Import AI 255: The NSA simulates itself; China uses PatentNet to learn global commerce; are parameters the most important measure of AI?

by Jack Clark

With PatentNet, China tries to teach machines to ‘see’ the products of the world:
…6 million images today, heading to 60 million tomorrow…
Researchers with a few universities in Guangzhou, China, have built PatentNet, a vast labelled dataset of images industrial goods. PatentNet is the kind of large-scale, utility-class dataset that will surely be used to develop AI systems that can see and analyze millions of products, and unlock the meta analysis of the ‘features’ of an ever-expanding inventory of goods.

Scale: PatentNet contains 6 million industrial goods images today, and the researchers plan to scale it up to 60 million images over the next five years. The images are spread across 219 categories, with each category containing a couple of hundred distinct products, and a few images of each. “To the best of our knowledge, PatentNet is already the largest industrial goods database public available for science research, as regards the total number of industrial goods, as well the number of images in each category,” they write.

State data as a national asset: PatentNet has been built out of data submitted to the Guangdong Intellectual Property Protection Center of China from 2007 to 2020. “In PatentNet, all the information is checked and corrected by patent examiner of the China Intellectual Property Administrator. In this sense, the dataset labeling will be highly accurate,” the researchers write.

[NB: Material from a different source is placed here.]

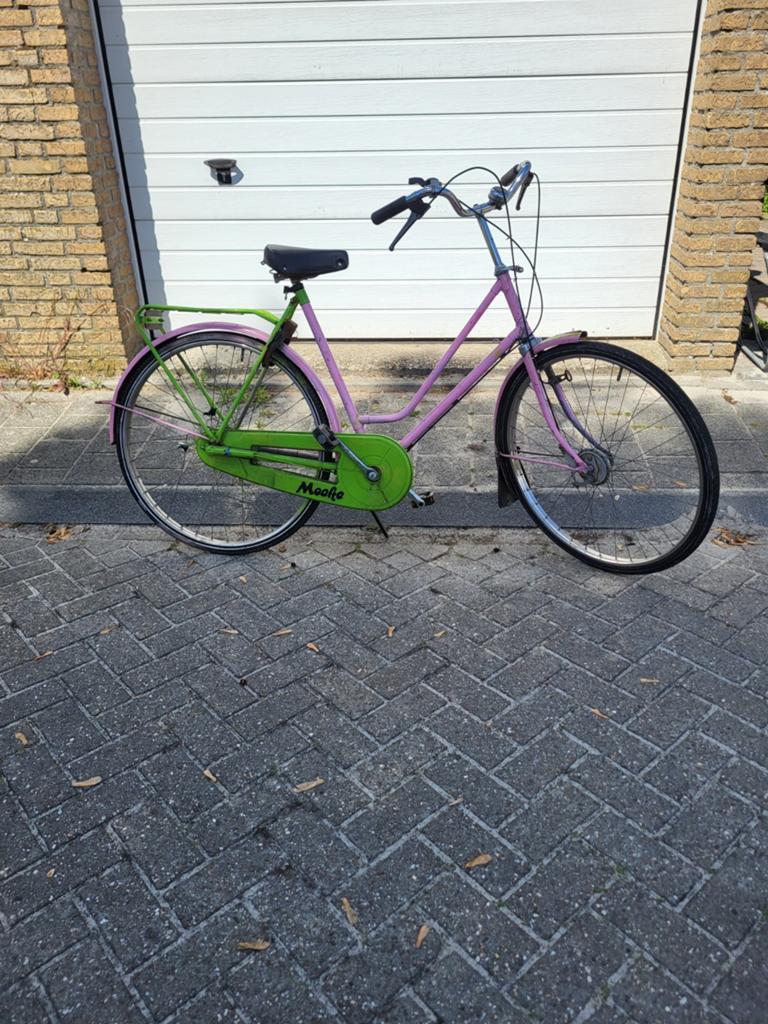 Kleurrijke Gazelle stationfiets met handremmen en versnellin, Fietsen en Brommers, Velgrem, Versnellingen, Ophalen of Verzenden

Why this matters – economies of insight: PatentNet is an example of a curious phenomenon in AI development that I’d call ‘economies of insight’ – the more diverse and large-scale data you have, the greater your ability to generate previously unseen insights out of it. Systems like PatentNet will unlock insights about products and also the meta-data of products that others don’t have. The strategic question is what ‘economies of insight’ mean with regard to entities in strategic competition with eachother, mediated by AI. Can we imagine Google and Amazon’s ad-engines being caught in a ‘economies of insight’ commercial race? What about competing intelligence agencies?
Read more: PatentNet: A Large-Scale Incomplete Multiview, Multimodal, Multilabel Industrial Goods Image Database (arXiv).

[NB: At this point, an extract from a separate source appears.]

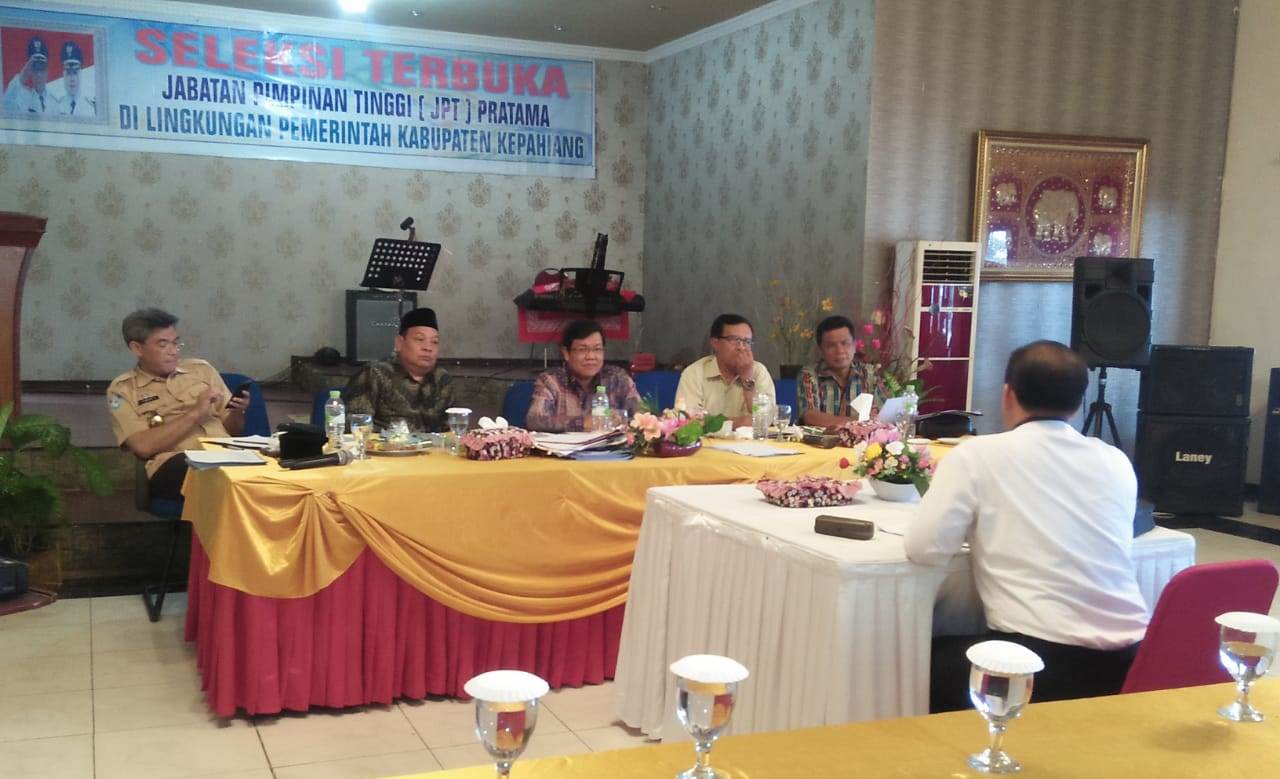 Delapan Jabatan Kepala OPD Kepahiang Dilelang, Siapakah yang Duduk?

###################################################

Want to help the government think about bias in AI? Send NIST your thoughts!
…Submit your thoughts by August 5th…
NIST, the US government agency tasked with thinking about standards and measures for artificial intelligence, is thinking about how to identify and manage biases in AI technology. This is a gnarly problem that is exactly the kind of thing you’d hope a publicly-funded organization might work on. Now, NIST is asking for comments from the public on a proposed approach it has for working on bias. “We want to engage the community in developing voluntary, consensus-based standards for managing AI bias and reducing the risk of harmful outcomes that it can cause,” said NIST’s Reva Schwartz, in a statement.
Read more: NIST Proposes Approach for Reducing Risk of Bias in Artificial Intelligence (NIST.gov).

###################################################

NSA dreams of a future of algo-on-algo network warfare – and builds a simulator to help it see that future:
…FARLAND is how the National Security Agency aims to train its autonomous robot defenders…
In the future, wars will be thought at the speed of computational inferences. The first wars to look like this will be cyberwars, and some of the first aggressors and defenders in this war will be entities like the US Government’s National Security Agency. So it’s interesting to see the NSA and MITRE corporation write a research paper about FARLAND, “a framework for advanced Reinforcement Learning for autonomous network defense”.

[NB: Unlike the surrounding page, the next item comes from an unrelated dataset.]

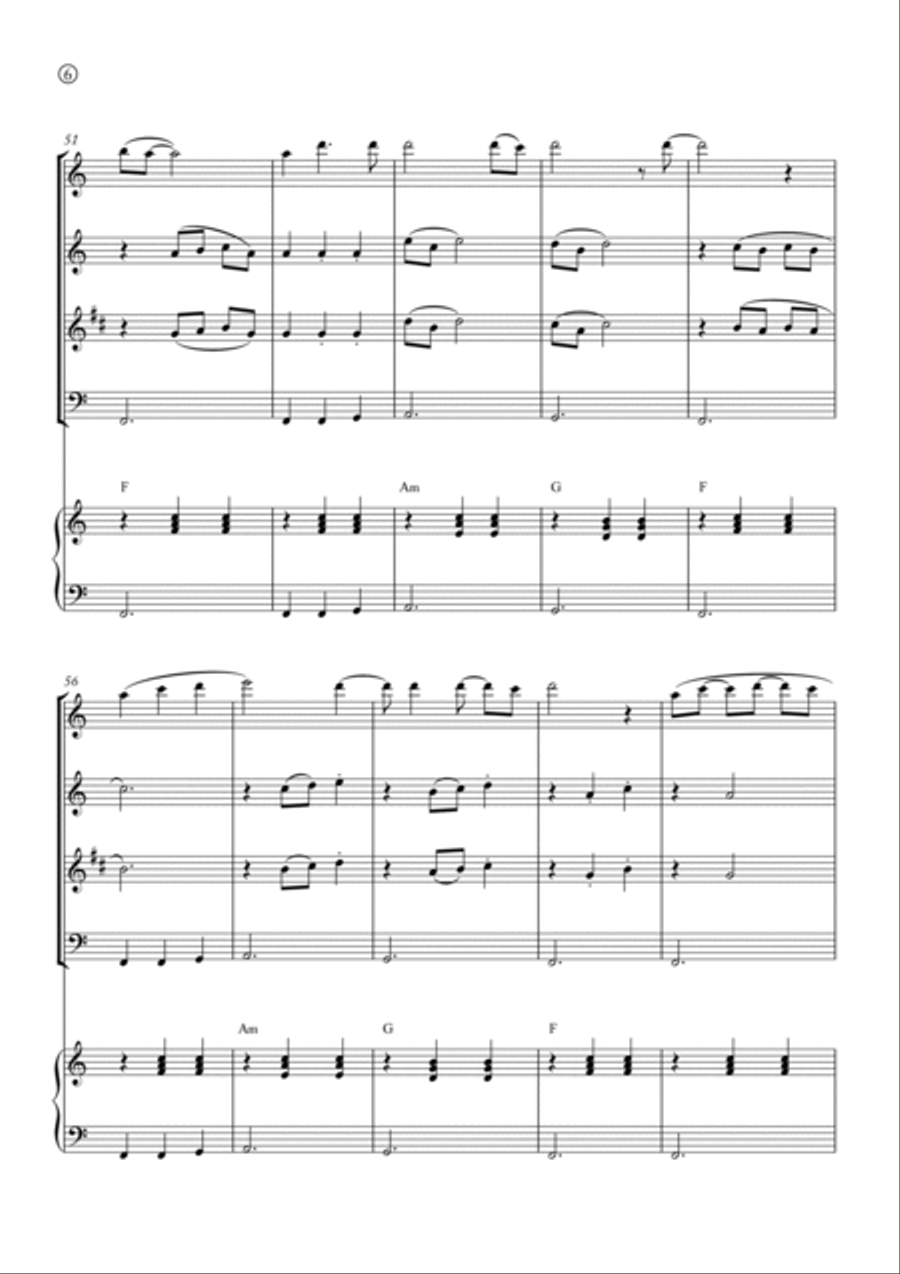 Je Te Laisserai Des Mots Woodwind Quartet scores gallery preview page 6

What is FARLAND? The software lets people specify network environments with a variety of different actors (e.g, normal processes, aggressors, aggressors that are hiding, etc), custom reward functions, and bits of network state. FARLAND uses RLLib, an open source library that includes implementations of tried-and-tested RL algos like A2C, A3C, DQN, DDPG, APEX-DQN, and IMPALA. “FARLAND’s abstractions also separate the problems of defining security goals, network and adversarial models, from the problem of implementing a simulator or emulator to effectively turn these models into an environment with which the learning agent can interact,” the research paper says.

What’s the ultimate purpose of FARLAND? The software is intended to give “a path for autonomous agents to increase their performance from apprentice to superhuman level, in the task of reconfiguring networks to mitigate cyberattacks,” the NSA says. (Though, presumably, the same capabilities you develop to autonomously defend a network, will require having a rich understanding of the ways someone might want to autonomously attack a network). “Securing an autonomous network defender will need innovation not just in the learning and decision-making algorithms (e.g., to make them more robust against poisoning and evasion attacks), but also, it will require the integration of multiple approaches aimed at minimizing the probability of invalid behavior,” they write.

The NSA’s equivalent of Facebook’s ‘WES” approach: This being the 21st century, the NSA’s system is actually eerily similar to ‘WES”, Facebook’s “Web-Enabled SImulation” approach (Import AI 193) to simulating and testing its own gigantic big blue operating system. WES lets Facebook train simulated agents on its platform, helping it do some things similar to the red/blue-team development and analysis that the NSA presumably uses FARLAND for.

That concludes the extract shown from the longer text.